Del resto la giurisprudenza di questa Corte (v., ad es., Cass. n. 6112/1993; Cass. n. 5740/2011 e Cass. n. 15486/2014) è chiaramente orientata in questo senso, essendo stato statuito il principio di diritto (al quale dovrà uniformarsi il giudice di rinvio, previa rivalutazione complessiva ed esaustiva della vicenda fattuale sottesa alla controversia) in base al quale la procura a vendere un immobile, conferita dall’asserito mutuatario al mutuante contestualmente alla stipulazione del dedotto mutuo (previa valutazione della sicura prova della sua sussistenza), può integrare la violazione del divieto del patto commissorio, qualora si accerti che tra il mutuo e la procura sussista un effettivo nesso funzionale; ovviamente, tale accertamento è demandato al giudice di merito, il quale tuttavia, nel compierlo, non deve limitarsi ad un esame formale degli atti posti in essere dalle parti, ma deve considerarne la causa in concreto, e, in caso di operazione complessa, valutare gli atti medesimi alla luce di un loro potenziale collegamento funzionale, apprezzando ogni circostanza di fatto rilevante ed il risultato stesso che l’operazione negoziale era idonea a produrre e, in concreto, ha prodotto (rendendo, altresì, eccessivamente gravosa la posizione dell’assunto mutuatario), così pervenendo, in modo logicamente consequenziale, all’accertamento dell’avvenuta violazione o meno del divieto previsto dall’art. 2744 c.c..

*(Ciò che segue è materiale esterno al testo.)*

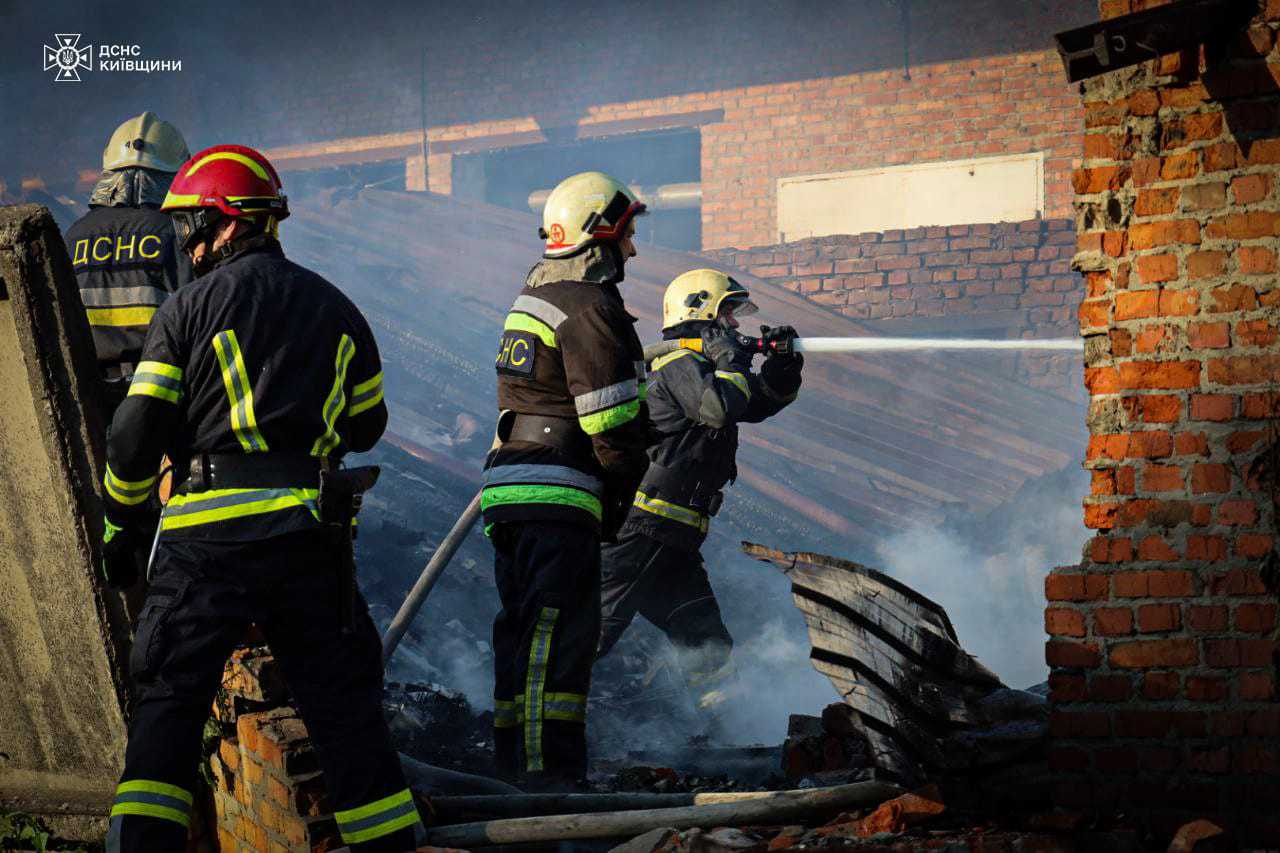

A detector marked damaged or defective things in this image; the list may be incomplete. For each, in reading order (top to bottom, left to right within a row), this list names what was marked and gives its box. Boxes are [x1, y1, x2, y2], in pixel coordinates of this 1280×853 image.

- In definitiva, alla stregua delle ragioni complessivamente esposte, il riCo. va accolto, con la conseguente cassazione della sentenza impugnata ed il rinvio della causa ad altra Sezione della Corte di appello di Palermo che, oltre a conformarsi all’enunciato principio di diritto e a valutare i fatti decisivi omessi nella sentenza impugnata (al fine della possibile configurazione della nullità contemplata dall’art. 2744 c.c.), provvederà a regolare anche le spese della presente fase giudiziale di legittimità.
P.Q.M.
La Corte accoglie il ricorso; cassa la sentenza impugnata e rinvia, anche per le spese del giudizio di legittimità, ad altra Sezione della Corte di appello di Palermo.
Così deciso nella camera di consiglio della 2^ Sezione civile in data 10 luglio 2018.